Clear as mud? An example may help. I stay at home for two years (by my watch); you go out-and-back at such a speed that the time dilation factor is 2. I say your watch is ticking slowly, and reads six months when you turn round and one year when you get back. But for you the situation is a bit more complex. You say my clock is ticking slowly, so that only three months have elapsed on my clock just before you turn round. Just after you turn round, you change your definition of "now" and say that twenty-one months have elapsed on my clock. Again, three months elapse on my clock "during" your journey home and you are unsurprised to see that my clock says two years have elapsed when you get home.

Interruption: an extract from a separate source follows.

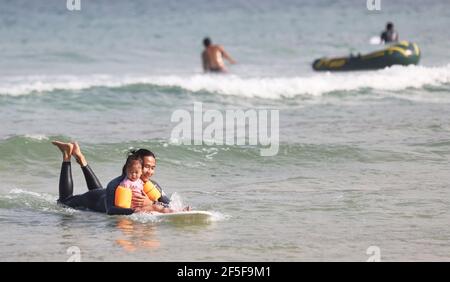 (210326) -- SANYA, 26. März 2021 (Xinhua) -- das Foto vom 27. Februar 2021 zeigt, wie TU Hongwei (R) seine Tochter beim Surfen im Dorf Tenghai in Sanya, der südchinesischen Provinz Hainan, nimmt. Das Dorf Tenghai, einst ein kleines Fischerdorf, ist seit dem Surfboom in China ein berühmtes Surfcamp geworden, nachdem es offiziell für das Programm der Olympischen Spiele 2020 in Tokio zugelassen wurde. Das Dorf liegt in Sanya, der südchinesischen Provinz Hainan, und gewann auch Anerkennung für seine großartige Kombination aus Wassersport und Tourismusindustrie.Yang Xingfu, ein örtlicher Dorfbewohner, ist einer der frühesten Surfer in Tenghai. Yang o Stockfoto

That's only book-keeping, however. It's all hidden from you by the finite speed of light and Doppler shifts, so you won't see any funny time skips.

7. Nov 21, 2015

### Staff: Mentor

You may find yourself thinking that ther
This is the classic twin paradox, and the explanation is somewhat different than the explanation of the time dilation that you were asking about earlier in the thread. There's an excellent explanation at http://math.ucr.edu/home/baez/physics/Relativity/SR/TwinParadox/twin_paradox.html

8. Nov 21, 2015

### Mister T

That's precisely why the word paradox appears in the title "Twin Paradox". But it's misnamed because it's not a paradox at all, just an apparent paradox.

There are several ways to understand the solution to the apparent paradox. Perhaps the simplest is to give a valid argument for ignoring the point of view of the traveler. That's easy. The traveler is not an inertial observer. He has to turn around and this breaks the symmetry between him and the person who stays at home. During the turn-around the traveler is not in a state of inertial motion.

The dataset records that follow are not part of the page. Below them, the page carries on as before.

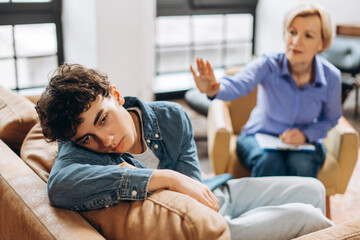 Female psychologist talking to teenage boy during a therapy session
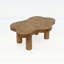 Table basse moderne en forme de nuage avec pieds ronds robustes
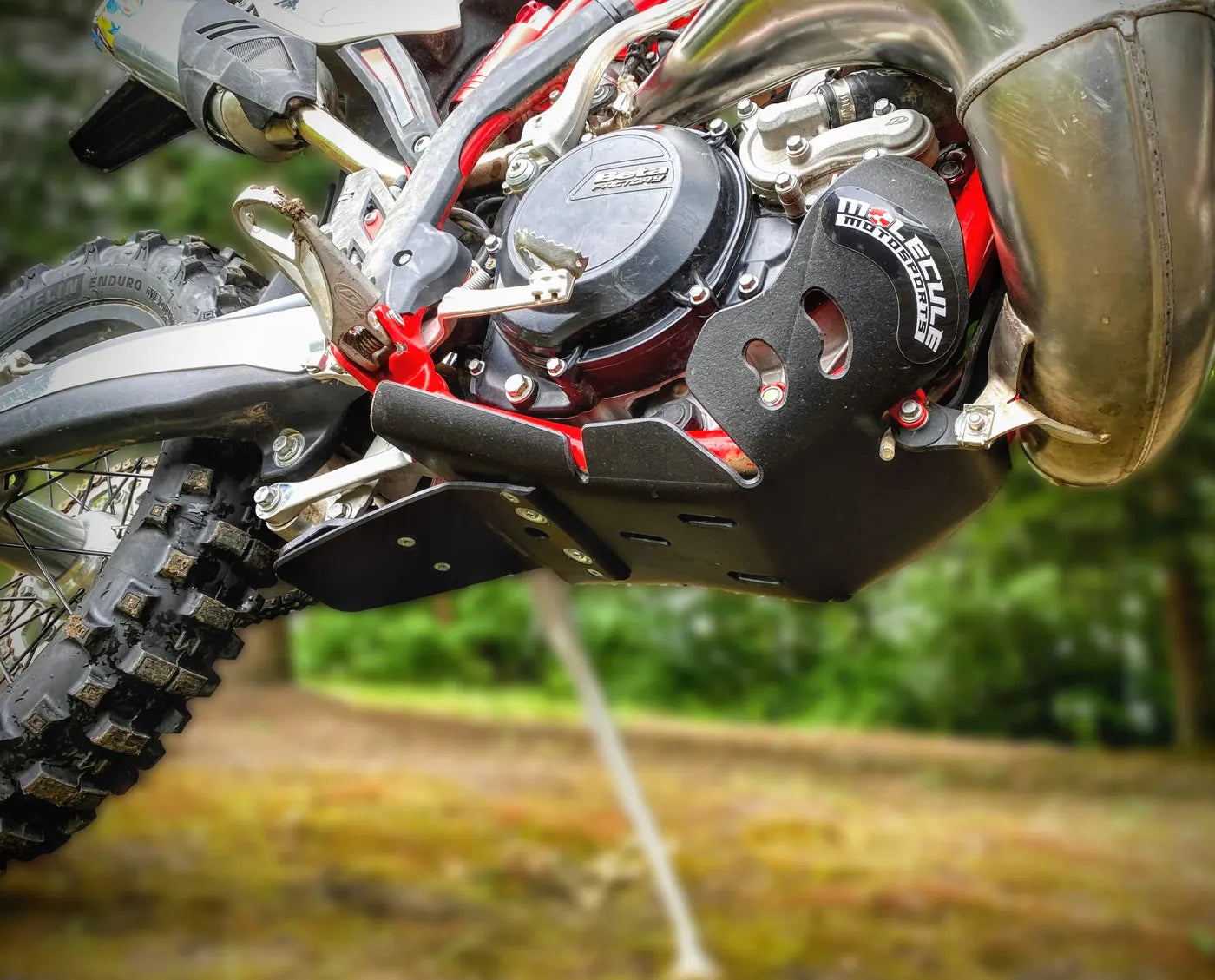 Close-up of a dirt bike with a focus on the skid plate, suspension and branding.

A deeper and more satisfying way to understand it is to look at it from the point of view of the traveling twin. When he switches inertial reference frames to return home the clocks on Earth that were formerly receding from him are now approaching him. This causes a huge shift in the traveler's reckoning of the reading on the Earth clocks. It's an effect known as the relativity of simultaneity.

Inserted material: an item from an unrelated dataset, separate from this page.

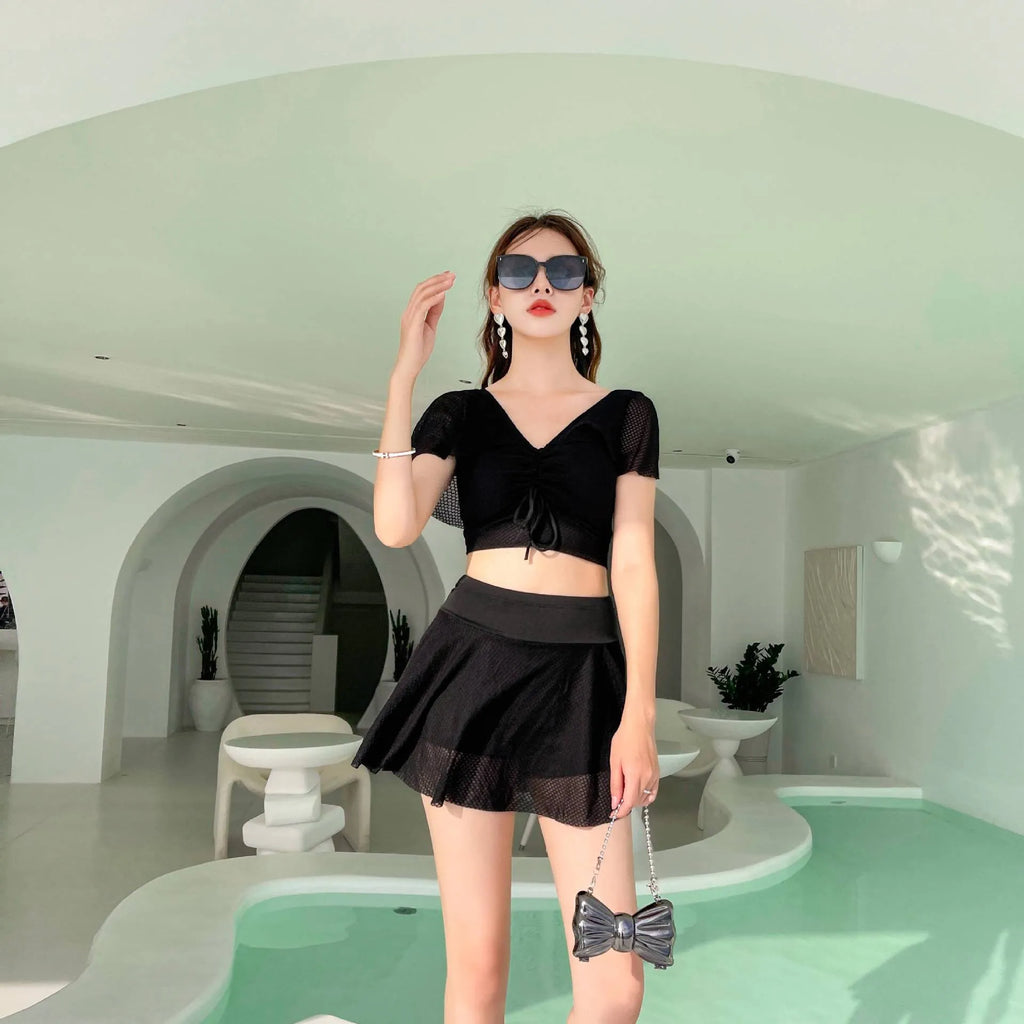 Women's solid colour two-piece skirt swimsuit set in black, white, or pink with separate top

There are other ways to see the resolution of the apparent paradox, such as to introduce a third observer who co-moves with the traveler on his outbound journey. But instead of turning around he continues in the same direction at the same speed so that he is an inertial observer the entire time. During the traveler's return he will see the traveler recede from him at a speed even greater than the speed at which he sees Earth recede from him. Thus he will observe the traveler's clock running even slower than Earth clocks. He will conclude that clocks aboard the ship will record a greater time spent returning than what was spent during the outbound half of the journey. Thus, clocks on the traveler's ship will be behind Earth clocks when the ship arrives back home.